* **What is needed**
Once the line containing "Nfl Kansas City" is reached in the listing below, reproduce it and all later lines through the final one exactly, but omit any pictures.

* **Entries provided**
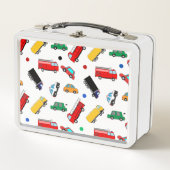 Kinder naam rugzak auto race terug naar school (Voorkant)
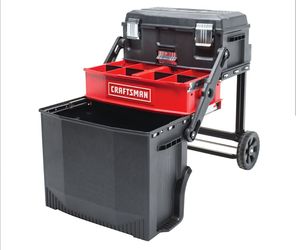 Craftsman rolling caddy-work station used once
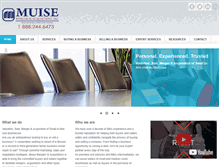 Tablet Screenshot of muisemergersacquisitions.com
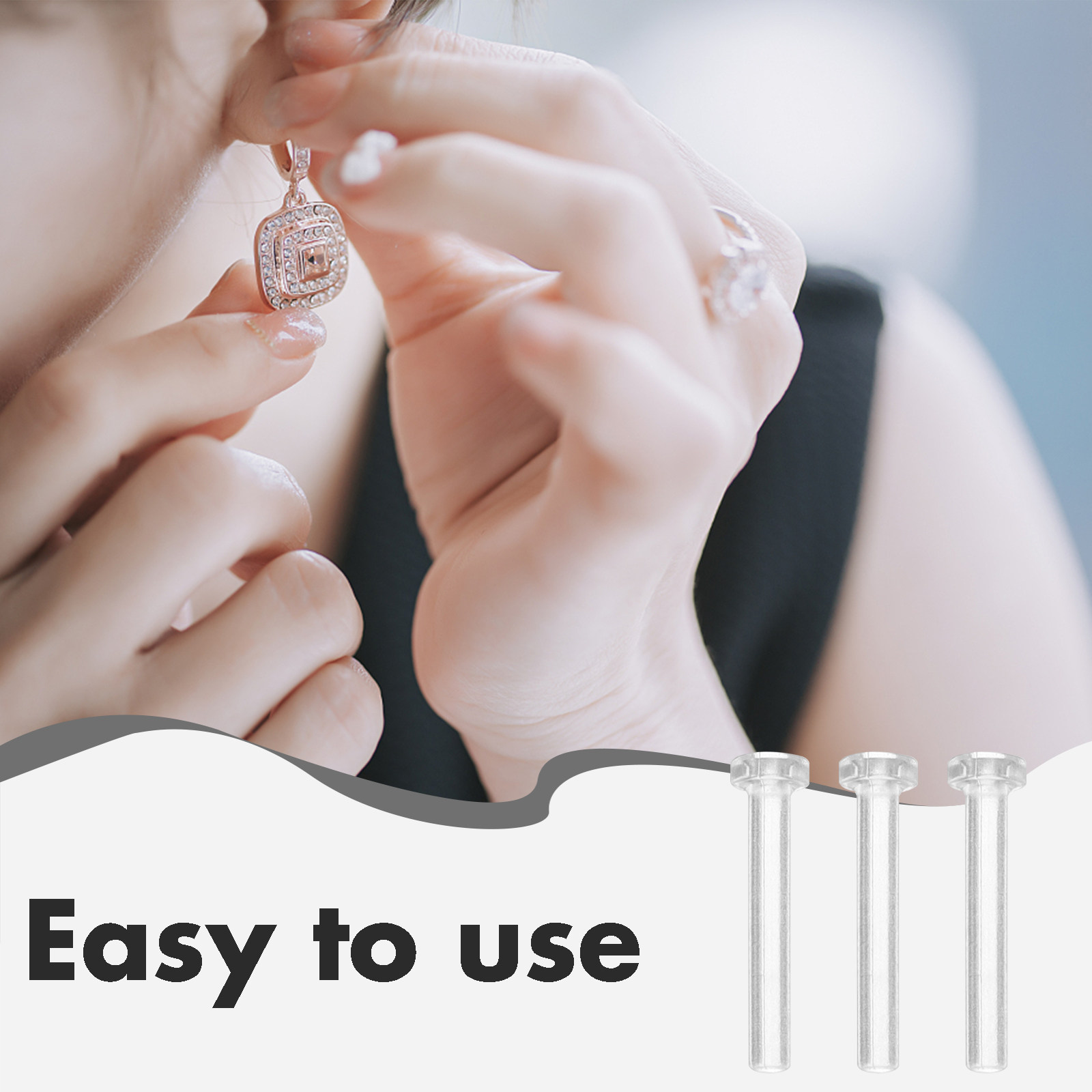 50 шт. прозрачных защитных чех – обзор и цена Body Jewelry For Sensitive Skin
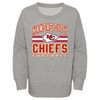 Nfl Kansas City Chiefs Girls' Fleece Hooded Sweatshirt : Target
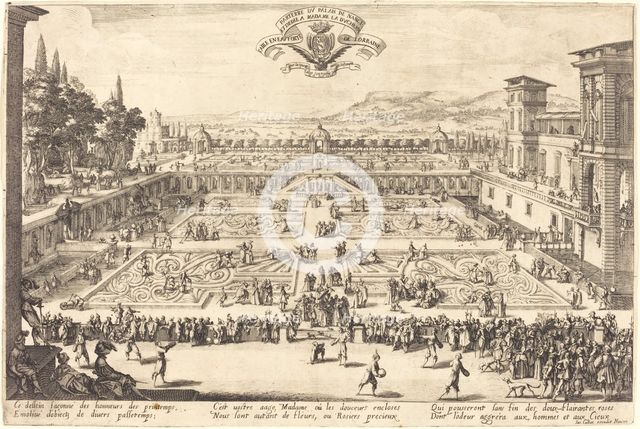 The Palace Gardens at Nancy, 1625. Creator: Jacques Callot.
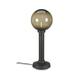 Moonlite 35 Table Lamp 09727 with 3 bronze tube body and bronze globe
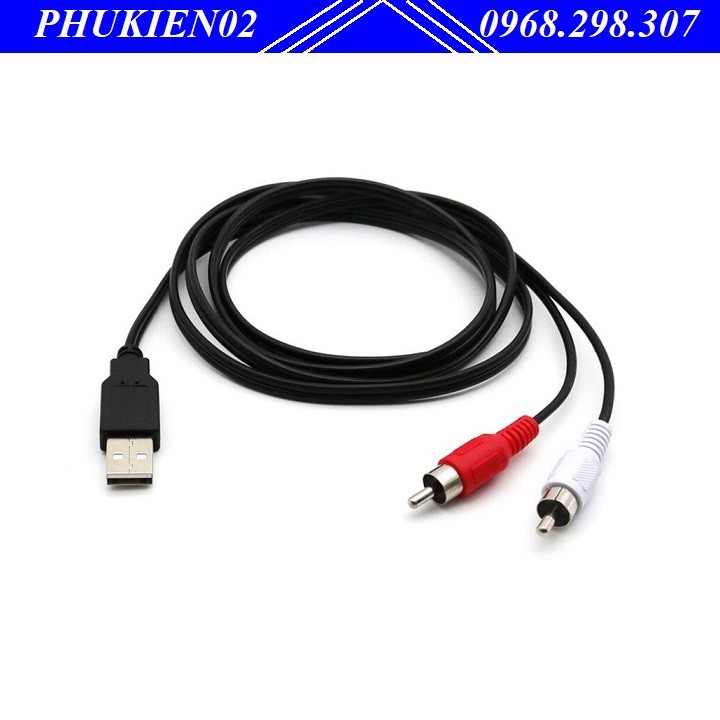 Dây Cáp Chuyển USB Ra Av 2 Đầu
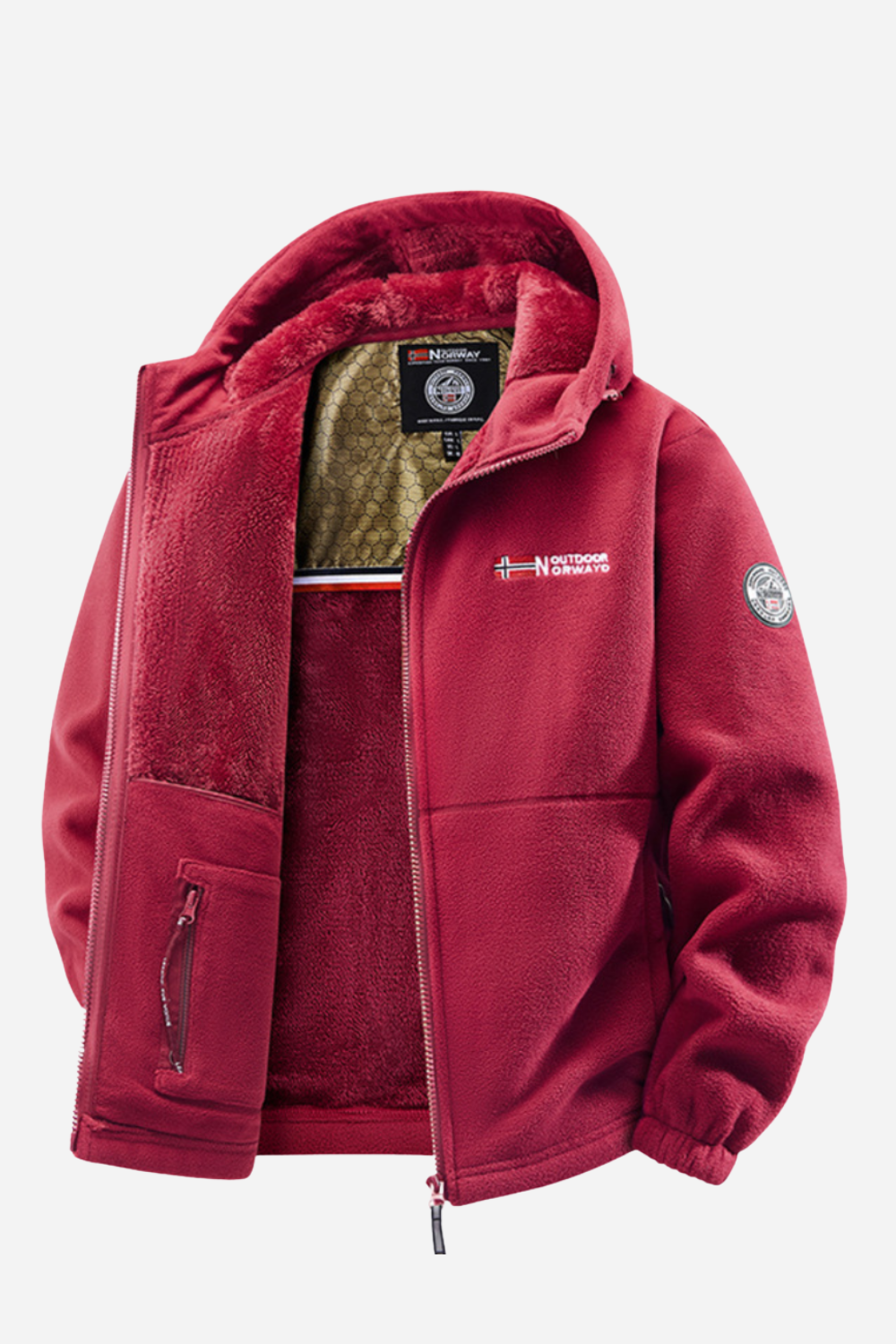 Tom | Polaire chaude et élégante pour homme avec doublure douce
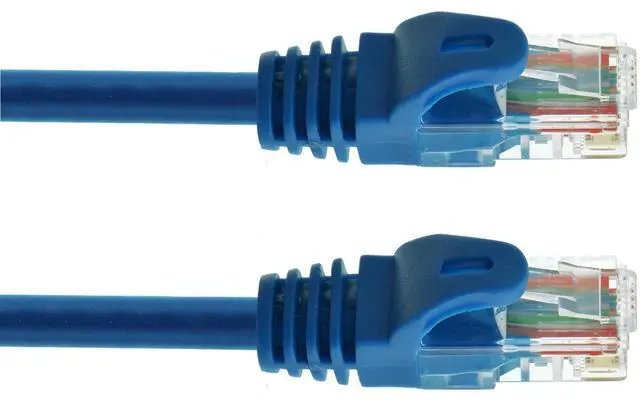 Alt view image 4 of 5 - CAT6 Ethernet Patch Cable (10 ft) RJ45 Connectors with Gold Plated Contacts (10gbps)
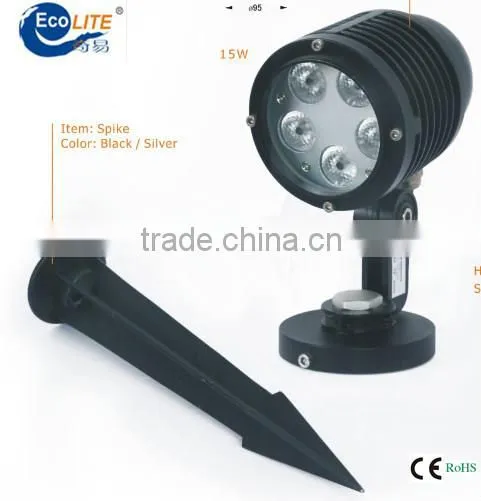 2016 Architectural lighting IP65 15W aluminum garden light spot 220v outdoor led garden light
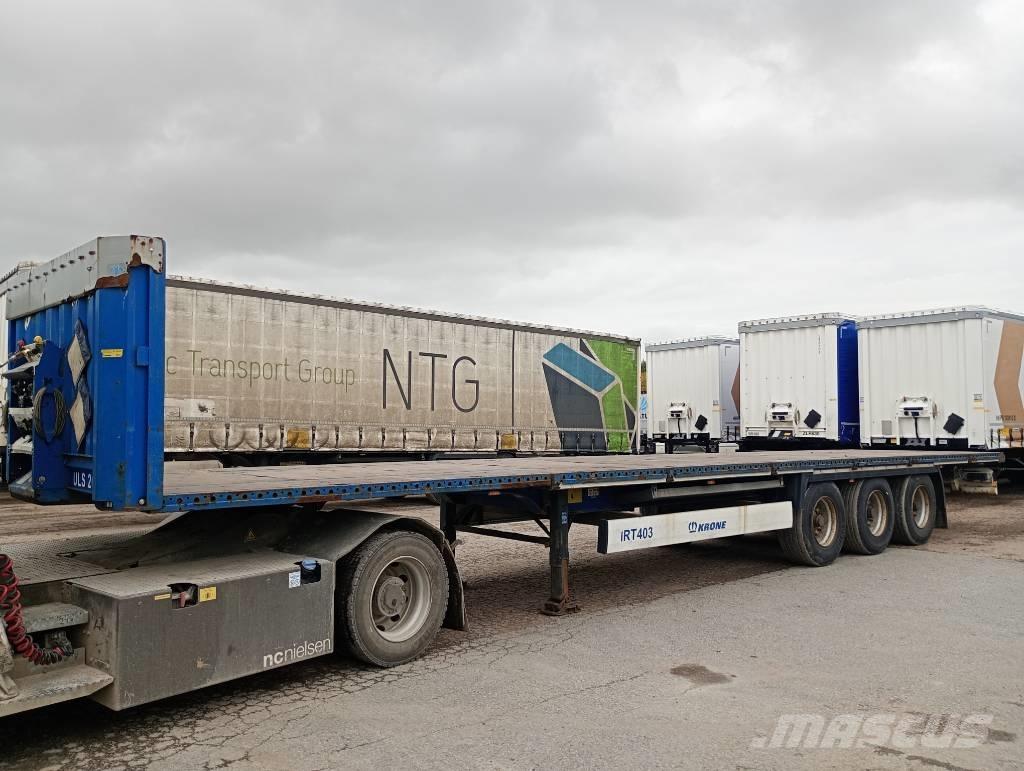 Krone FLAKTRAILER Platformy / Naczepy z otwieranymi burtami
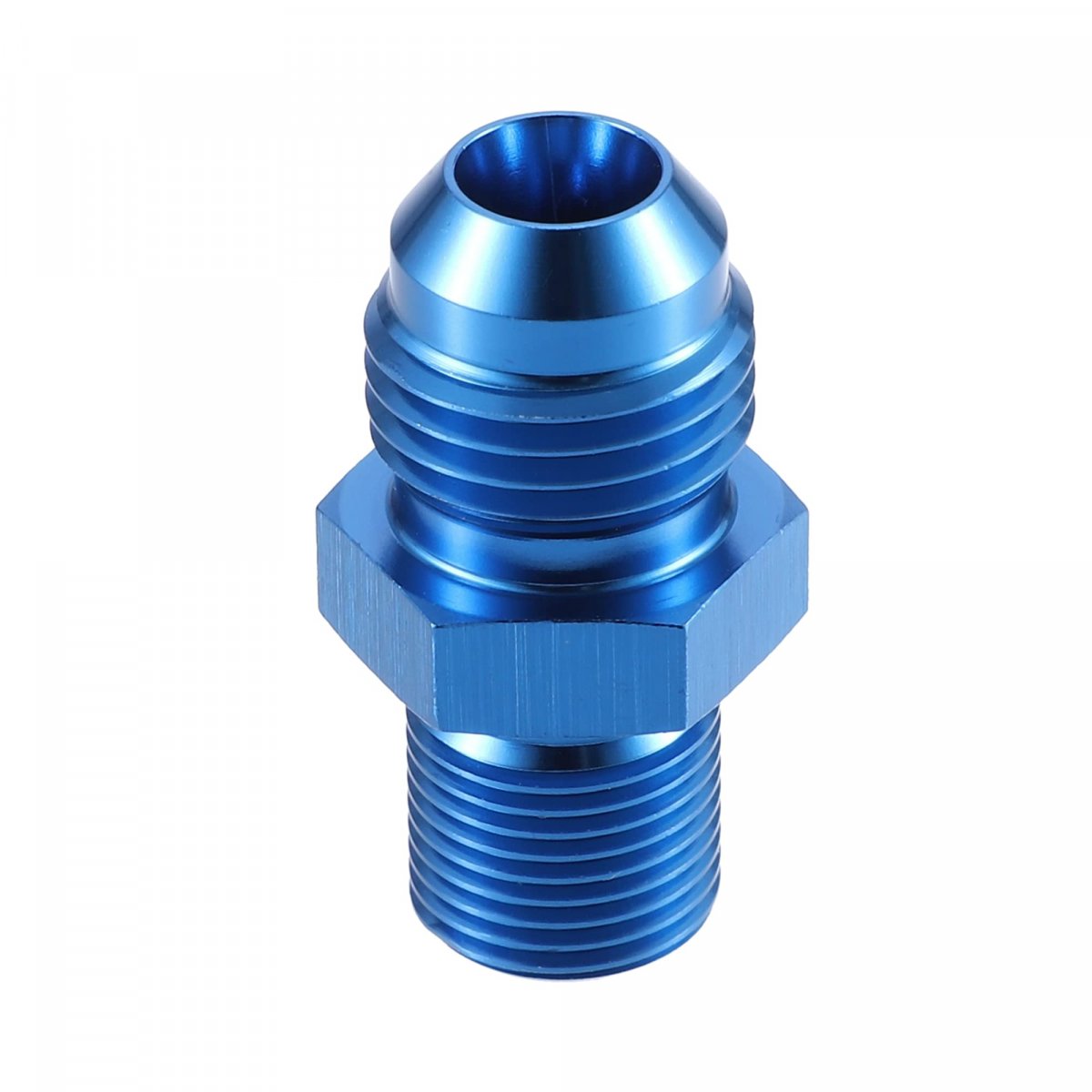 Blue 6an Male To M12x1 0mm Metric Thread Fitting Adapter Flare Union Coupler Fuel Oil Line Hose End Aluminum Alloy For Car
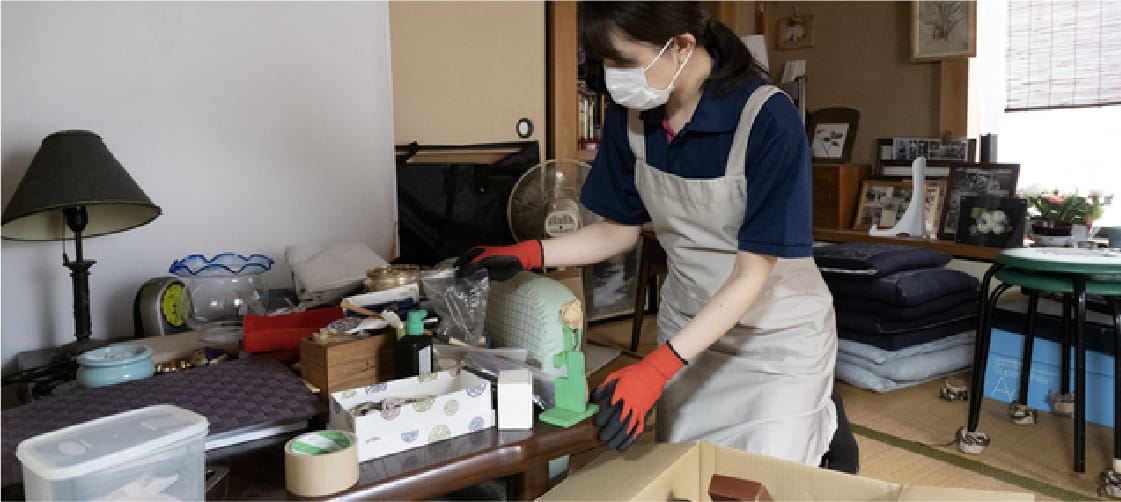 遺品を大切に扱います-貴重品も全力で探します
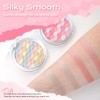 Color Nymph Face Highlighter Blush Makeup Palette, 2-In-1 Shimmer Long-Lasting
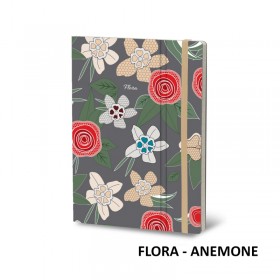 Notatnik stifflex, 15x21cm, 192 strony, anemone
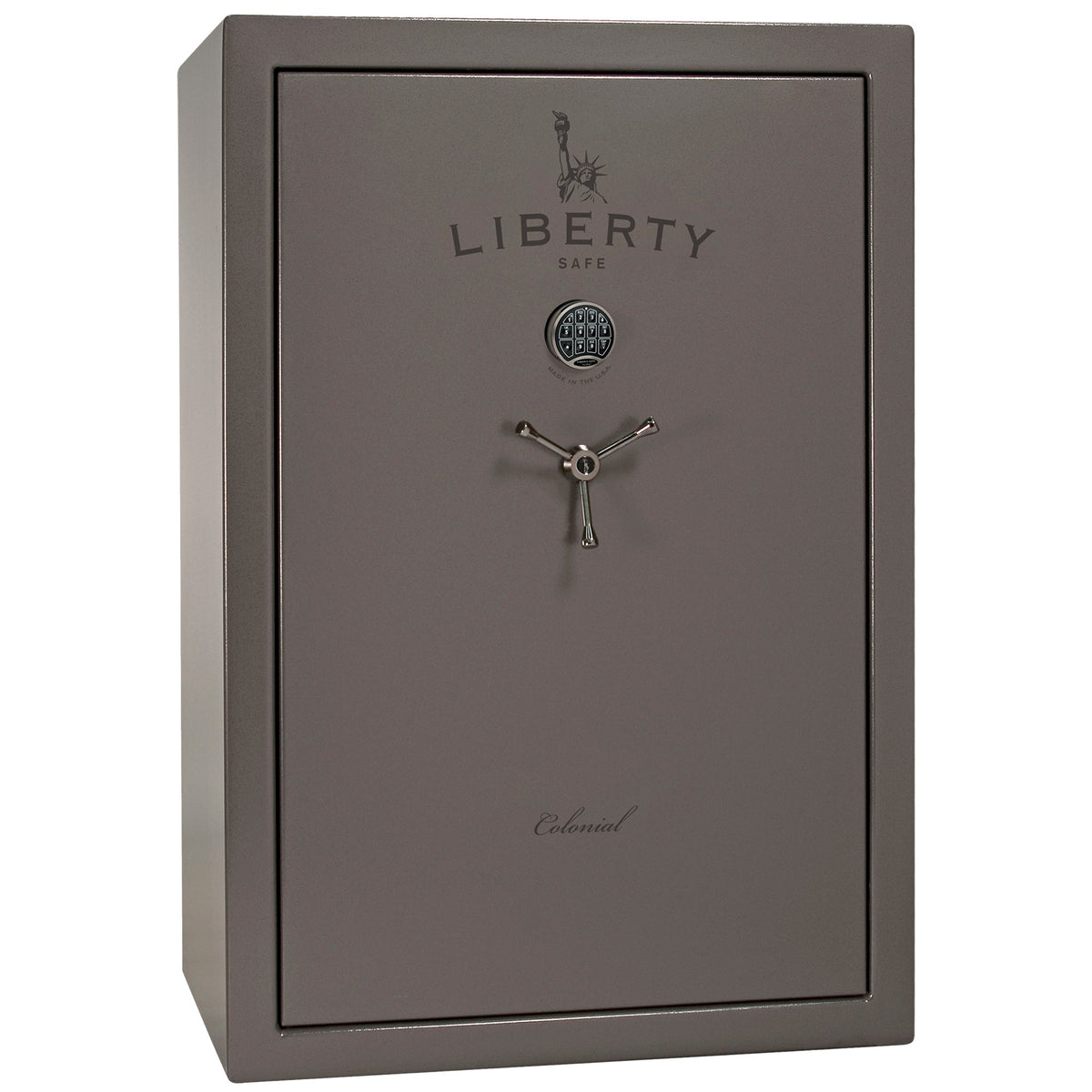 Colonial Series | Level 4 Security | 75 Minute Fire Protection | 35 | DIMENSIONS: 60.5"(H) X 42”(W) X 22"(D*) | Gray Gloss | Electronic Lock - closed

* **Your response**
 Nfl Kansas City Chiefs Girls' Fleece Hooded Sweatshirt : Target
 The Palace Gardens at Nancy, 1625. Creator: Jacques Callot.
 Moonlite 35 Table Lamp 09727 with 3 bronze tube body and bronze globe
 Dây Cáp Chuyển USB Ra Av 2 Đầu
 Tom | Polaire chaude et élégante pour homme avec doublure douce
 Alt view image 4 of 5 - CAT6 Ethernet Patch Cable (10 ft) RJ45 Connectors with Gold Plated Contacts (10gbps)
 2016 Architectural lighting IP65 15W aluminum garden light spot 220v outdoor led garden light
 Krone FLAKTRAILER Platformy / Naczepy z otwieranymi burtami
 Blue 6an Male To M12x1 0mm Metric Thread Fitting Adapter Flare Union Coupler Fuel Oil Line Hose End Aluminum Alloy For Car
 遺品を大切に扱います-貴重品も全力で探します
 Color Nymph Face Highlighter Blush Makeup Palette, 2-In-1 Shimmer Long-Lasting
 Notatnik stifflex, 15x21cm, 192 strony, anemone
 Colonial Series | Level 4 Security | 75 Minute Fire Protection | 35 | DIMENSIONS: 60.5"(H) X 42”(W) X 22"(D*) | Gray Gloss | Electronic Lock - closed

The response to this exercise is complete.